Bluebeard’s Castle
Presented by: New Zealand Symphony Orchestra and NZ Opera
Conducted by: Lawrence Renes
Michael Fowler Centre, 13th Aug 2023
Reviewed by: Dawn Brook
In my concert experience this year, I can’t imagine that anything will eclipse this performance of Bartók’s opera, Bluebeard’s Castle.
The work calls for a large orchestra stacked with percussion, brass, woodwind, and fewer strings than one might have expected, and two singers, a dramatic soprano and a dramatic baritone. The New Zealand Symphony Orchestra was on fire throughout the performance with immaculate, precise but emotional and intense playing. Lester Lynch from the United States was Bluebeard and Susan Bullock from England was his wife, Judith. Both had glorious, unforced, effortless voices. Unlike much romantic and dramatic opera, their parts were not florid or ornamented. The rhythms were speech-like and their diction was excellent. Bartók’s orchestration is extremely well matched to what is happening on the stage and to the ebb and flow of the feelings of the characters. The conductor did a superb job of uniting the performance.

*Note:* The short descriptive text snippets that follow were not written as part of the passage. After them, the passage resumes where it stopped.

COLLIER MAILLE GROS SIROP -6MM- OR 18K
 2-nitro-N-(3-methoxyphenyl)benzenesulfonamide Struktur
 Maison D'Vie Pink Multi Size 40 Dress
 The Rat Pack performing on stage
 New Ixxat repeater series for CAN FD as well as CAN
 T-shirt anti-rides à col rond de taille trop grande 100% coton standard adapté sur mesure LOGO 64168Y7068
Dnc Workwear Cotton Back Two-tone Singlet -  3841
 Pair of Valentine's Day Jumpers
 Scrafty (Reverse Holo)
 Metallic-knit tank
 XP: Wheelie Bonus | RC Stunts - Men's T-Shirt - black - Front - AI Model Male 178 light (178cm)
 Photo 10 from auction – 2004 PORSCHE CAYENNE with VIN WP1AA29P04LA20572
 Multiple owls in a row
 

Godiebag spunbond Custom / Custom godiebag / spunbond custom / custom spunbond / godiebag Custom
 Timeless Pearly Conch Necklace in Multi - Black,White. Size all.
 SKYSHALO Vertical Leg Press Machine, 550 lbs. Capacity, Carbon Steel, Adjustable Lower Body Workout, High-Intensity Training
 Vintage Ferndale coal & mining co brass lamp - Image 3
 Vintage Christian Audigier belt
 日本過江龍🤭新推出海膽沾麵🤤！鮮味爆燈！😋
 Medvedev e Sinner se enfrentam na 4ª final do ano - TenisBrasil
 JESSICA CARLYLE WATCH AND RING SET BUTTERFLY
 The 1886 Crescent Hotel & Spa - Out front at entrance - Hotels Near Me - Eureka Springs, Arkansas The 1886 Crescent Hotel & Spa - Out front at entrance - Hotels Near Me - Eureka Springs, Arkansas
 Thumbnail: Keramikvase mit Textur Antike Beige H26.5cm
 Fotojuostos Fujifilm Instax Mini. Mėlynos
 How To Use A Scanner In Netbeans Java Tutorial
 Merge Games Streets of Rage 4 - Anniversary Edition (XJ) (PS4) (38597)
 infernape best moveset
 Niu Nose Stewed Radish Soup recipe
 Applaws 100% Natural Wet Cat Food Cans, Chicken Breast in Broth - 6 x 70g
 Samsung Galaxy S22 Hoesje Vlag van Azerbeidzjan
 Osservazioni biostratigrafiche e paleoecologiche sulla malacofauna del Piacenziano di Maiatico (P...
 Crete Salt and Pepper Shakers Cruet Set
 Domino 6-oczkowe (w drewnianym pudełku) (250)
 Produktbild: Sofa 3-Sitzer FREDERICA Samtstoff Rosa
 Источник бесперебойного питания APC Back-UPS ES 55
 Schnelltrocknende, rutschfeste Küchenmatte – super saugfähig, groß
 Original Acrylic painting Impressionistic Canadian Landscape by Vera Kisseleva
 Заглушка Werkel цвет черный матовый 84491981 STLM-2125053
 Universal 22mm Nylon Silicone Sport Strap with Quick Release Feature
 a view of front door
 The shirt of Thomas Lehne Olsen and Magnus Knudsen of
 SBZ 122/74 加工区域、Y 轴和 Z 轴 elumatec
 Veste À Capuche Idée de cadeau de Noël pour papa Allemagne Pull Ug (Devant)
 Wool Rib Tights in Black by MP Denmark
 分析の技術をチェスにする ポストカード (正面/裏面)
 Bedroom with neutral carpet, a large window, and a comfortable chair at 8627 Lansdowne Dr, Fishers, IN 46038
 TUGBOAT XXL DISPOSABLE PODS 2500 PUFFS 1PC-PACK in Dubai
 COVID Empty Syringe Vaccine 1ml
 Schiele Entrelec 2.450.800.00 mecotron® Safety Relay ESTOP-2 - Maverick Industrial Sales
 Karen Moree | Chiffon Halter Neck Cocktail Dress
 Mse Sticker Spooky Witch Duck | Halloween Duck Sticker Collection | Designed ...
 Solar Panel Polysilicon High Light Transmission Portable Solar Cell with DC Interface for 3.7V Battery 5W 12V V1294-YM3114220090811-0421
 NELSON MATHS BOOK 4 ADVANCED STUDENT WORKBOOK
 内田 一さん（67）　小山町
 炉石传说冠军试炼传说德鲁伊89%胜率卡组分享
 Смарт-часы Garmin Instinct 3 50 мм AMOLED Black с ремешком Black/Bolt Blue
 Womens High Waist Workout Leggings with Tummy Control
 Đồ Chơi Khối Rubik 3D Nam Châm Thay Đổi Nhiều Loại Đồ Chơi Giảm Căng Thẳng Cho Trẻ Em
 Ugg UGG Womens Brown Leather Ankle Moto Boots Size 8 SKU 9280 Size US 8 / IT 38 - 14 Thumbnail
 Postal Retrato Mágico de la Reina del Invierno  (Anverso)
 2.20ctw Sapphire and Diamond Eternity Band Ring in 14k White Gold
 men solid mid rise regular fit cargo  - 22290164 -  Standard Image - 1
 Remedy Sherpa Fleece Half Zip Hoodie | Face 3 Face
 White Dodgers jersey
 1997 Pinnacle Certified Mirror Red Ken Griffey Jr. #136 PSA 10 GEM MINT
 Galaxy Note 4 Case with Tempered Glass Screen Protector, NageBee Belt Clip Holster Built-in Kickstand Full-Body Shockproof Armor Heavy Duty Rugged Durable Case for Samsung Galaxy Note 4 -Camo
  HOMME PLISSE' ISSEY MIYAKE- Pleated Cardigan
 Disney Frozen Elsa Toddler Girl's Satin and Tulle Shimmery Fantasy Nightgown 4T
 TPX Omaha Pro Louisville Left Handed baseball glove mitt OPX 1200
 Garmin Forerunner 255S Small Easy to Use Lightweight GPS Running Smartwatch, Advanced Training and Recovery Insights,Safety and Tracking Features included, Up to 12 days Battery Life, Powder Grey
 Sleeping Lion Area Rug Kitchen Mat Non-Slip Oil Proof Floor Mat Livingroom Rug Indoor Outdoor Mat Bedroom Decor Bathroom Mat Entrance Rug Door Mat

While the music performed was as composed, the tale was not. The original interpretation of a fable is a ghastly tale of a woman in love with a man about whom horrible rumours abound. Nevertheless, she demands that he releases to her the secrets of his life. Her entry into his castle ends with her discovering his three dead wives, whom she joins.
This production, however, is an astonishing and powerful reinterpretation of the story, recast by the UK-based Theatre of Sound to centre on a loving couple whose lives disintegrate when Judith is affected by dementia. Surprisingly, the original libretto fits the new scenario convincingly. The audience sees and feels the memories, the love and tenderness, the frustration, loneliness, fear, and anguish the couple experiences. The acting was strong, sensitive, and subtle and the effect compelling and harrowing.
Altogether this was an outstandingly rewarding performance, musically, dramatically, and emotionally.